INFRATEL : Innovation and Communication

Josh RayfieldRachel Carr
Josh Rayfield - Senior Head of Projects Rachel Carr - Editor
  • As the premium ICT and telecommunications infrastructure provider in Zambia, INFRATEL oversees and operates three state of the art data centres.
  • “It has been RECOGNISED that you cannot achieve digital transformation without reliable ICT infrastructure,” says Evans Silavwe, Acting CEO, INFRATEL.
  • INFRATEL provides Zambia’s first cloud platform that offers clients the option of flexible storage in multiple gigabytes with scalable storage.

As access to digital services is on the rise across Africa, Evans Silavwe, Acting CEO of INFRATEL, discusses digitally connecting Zambia’s urban and rural communities with reliable infrastructure.


The information and communication technology (ICT) sector plays a crucial role in growth, nurturing young innovators, and enabling the advancement of all other sectors.
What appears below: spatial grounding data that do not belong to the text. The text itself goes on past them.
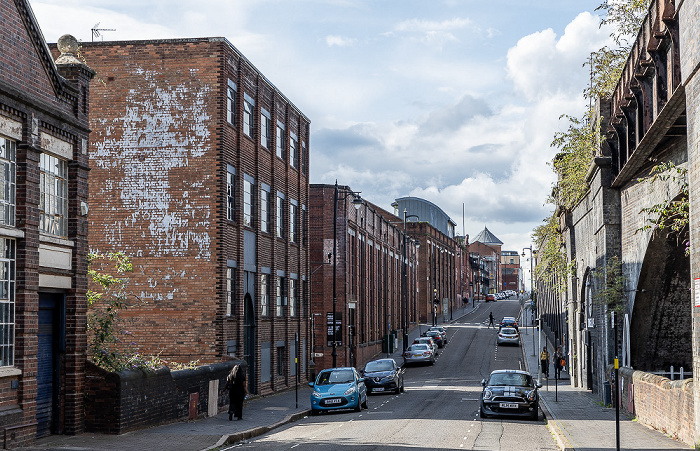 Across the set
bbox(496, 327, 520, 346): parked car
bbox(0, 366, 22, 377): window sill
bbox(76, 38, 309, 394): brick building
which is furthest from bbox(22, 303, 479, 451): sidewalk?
bbox(496, 327, 520, 346): parked car

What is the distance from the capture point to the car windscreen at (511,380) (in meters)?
24.3

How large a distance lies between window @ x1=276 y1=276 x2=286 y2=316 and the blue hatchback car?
28.4 ft

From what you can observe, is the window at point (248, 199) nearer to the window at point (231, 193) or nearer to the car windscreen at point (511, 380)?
the window at point (231, 193)

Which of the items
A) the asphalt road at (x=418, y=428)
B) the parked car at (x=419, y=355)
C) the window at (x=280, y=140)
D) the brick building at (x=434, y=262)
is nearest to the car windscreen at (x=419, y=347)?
the parked car at (x=419, y=355)

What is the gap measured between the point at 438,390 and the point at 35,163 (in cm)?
2372

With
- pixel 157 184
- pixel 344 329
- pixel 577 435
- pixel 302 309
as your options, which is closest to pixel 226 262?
pixel 157 184

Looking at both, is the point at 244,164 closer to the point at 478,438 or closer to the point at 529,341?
the point at 478,438

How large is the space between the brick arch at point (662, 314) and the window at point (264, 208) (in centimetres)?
1453

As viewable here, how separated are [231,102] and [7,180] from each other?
14469 mm

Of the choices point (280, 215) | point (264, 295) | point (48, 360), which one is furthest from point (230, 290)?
point (48, 360)

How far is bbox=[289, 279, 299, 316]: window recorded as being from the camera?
124 ft

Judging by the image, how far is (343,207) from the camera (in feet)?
171

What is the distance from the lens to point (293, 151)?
38.7 meters

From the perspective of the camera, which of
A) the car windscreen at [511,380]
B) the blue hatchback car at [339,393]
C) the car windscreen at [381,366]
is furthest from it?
the car windscreen at [381,366]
It is now clear that industries can only realise their full potential by adopting technological tools and systems.   

“Africa’s ICT access is on the rise, driven by the government’s digital transformation agenda. It has been recognised that you cannot achieve digital transformation without reliable ICT infrastructure,” explains Evans Silavwe, Acting CEO of INFRATEL

As the premium ICT and telecommunications infrastructure provider in Zambia, INFRATEL oversees and operates three state of the art data centres along with 1,253 communication towers spanning the 10 provinces of Zambia for wireless communications infrastructure. 

INFRATEL’s data centres were built under the Smart Zambia projects, and the production data centre in the capital city of Lusaka has been Tier 3 design certified by the Uptime Institute. 

The company is locked in engagements to access the backbone of the national fibre optic network. As Zambia’s premium ICT and telecommunications infrastructure company, owned by an investment arm of the government of the Republic of Zambia, the Industrial Development Corporation (IDC), access to the national fibre network ties in with INFRATEL’s vision of making ICT services accessible everywhere.

“Africa’s ICT access is on the rise, driven by the government’s digital transformation agenda. It has been RECOGNISED that you cannot achieve digital transformation without reliable ICT infrastructure”   

Evans Silavwe, Acting CEO, INFRATEL


African countries have invested in data centres for cloud computing and a whole range of associated services are provided to shorten the go-to-market time for operators. This allows start-ups and entrepreneurs to have minimal capital expenditure (CapEx) required in server infrastructure and software.  

“The proliferation of FinTech has contributed to the adoption of digital channels for service delivery. It is a sector with an exciting future as digital services take root and the adoption of online transactions becomes normalised,” states Silavwe. 

The INFRATEL agenda is for ICT to be accessible to all Zambians, and Silavwe is fully onboard with continuing to progress in that direction as Acting CEO.  

Many countries have invested heavily in the building of reliable connectivity through the interconnection of cities and towns using optic fibre, installation of telecommunication towers, and investment in literacy programmes that take ICT to every corner of the region.  

“Some countries have additionally adopted universal access programmes, which are meant to enhance ICT penetration in unserved and underserved regions. This has enabled the construction of key telecommunications infrastructure in places where otherwise the private sector would be hesitant to invest due to low commercial activity,” he acknowledges.  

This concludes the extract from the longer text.